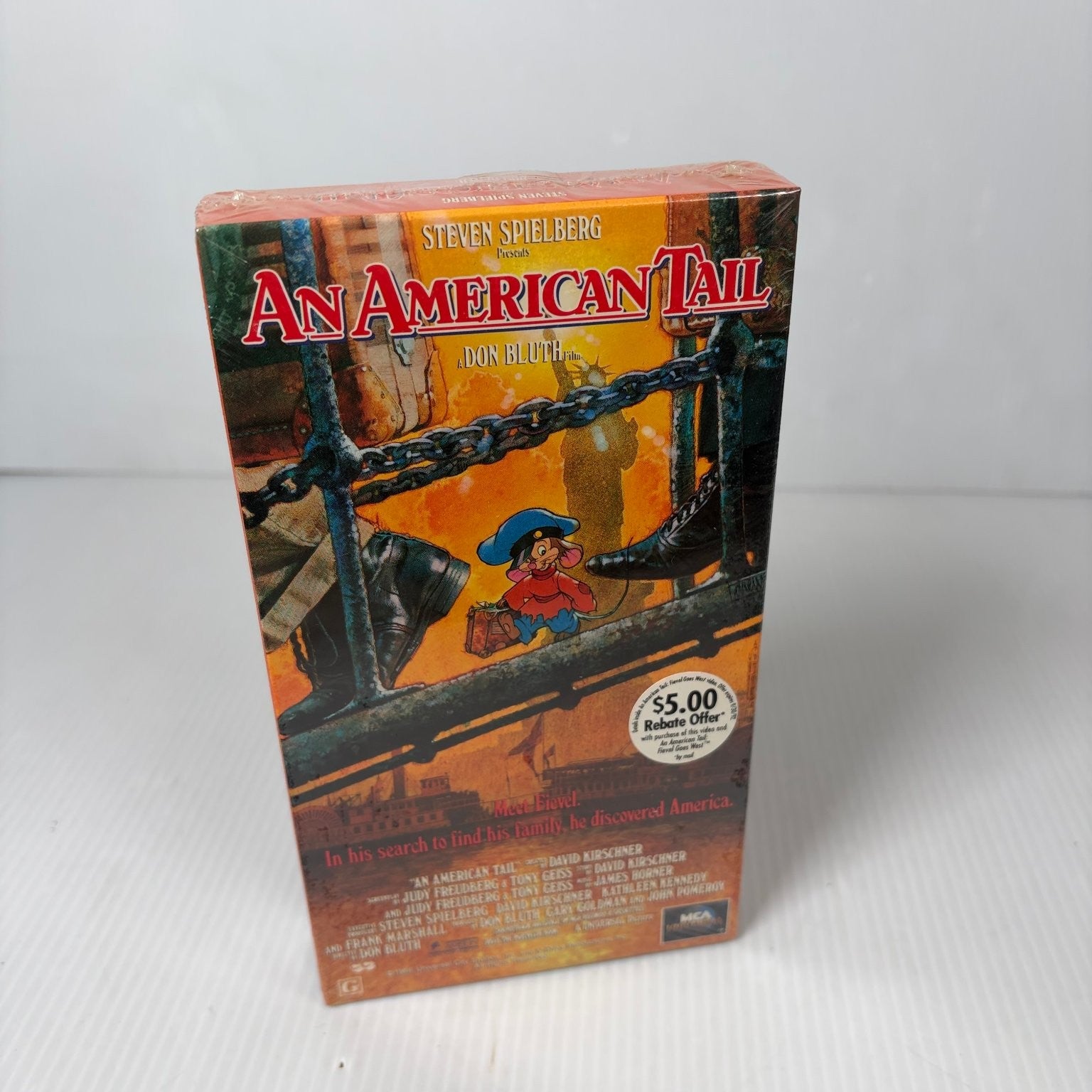 An American Tail VHS 1990 Animated Family Film MCA Universal Sealed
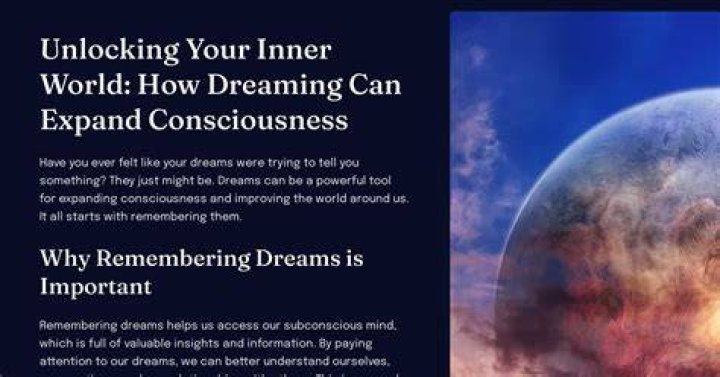Unlocking Your Inner World: Understanding the Dream Bubble Alphag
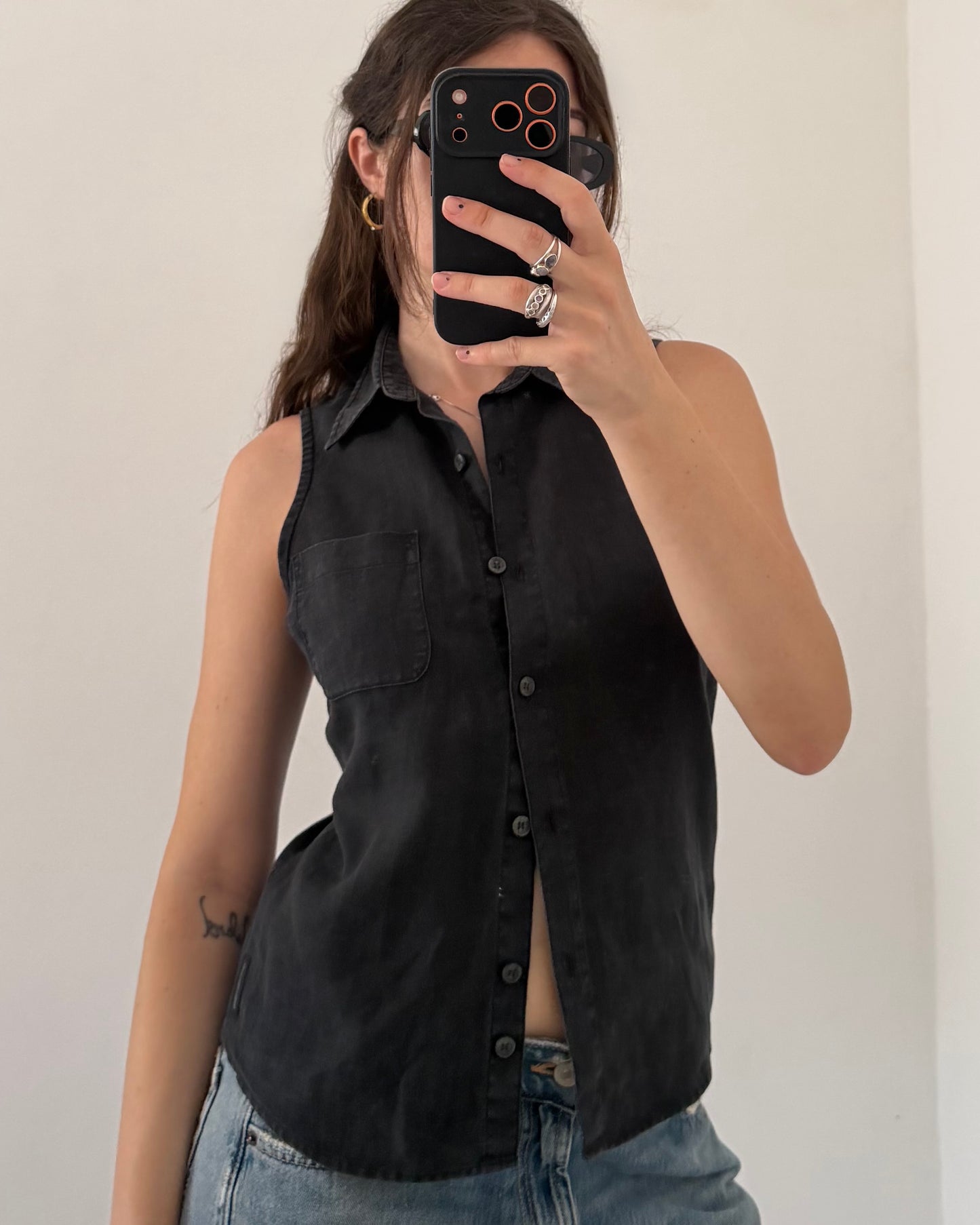 Calvin Klein linen top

-- Work required --
Output all the data above verbatim, leaving out images.

-- Answer area --
 An American Tail VHS 1990 Animated Family Film MCA Universal Sealed
Unlocking Your Inner World: Understanding the Dream Bubble Alphag
 Calvin Klein linen top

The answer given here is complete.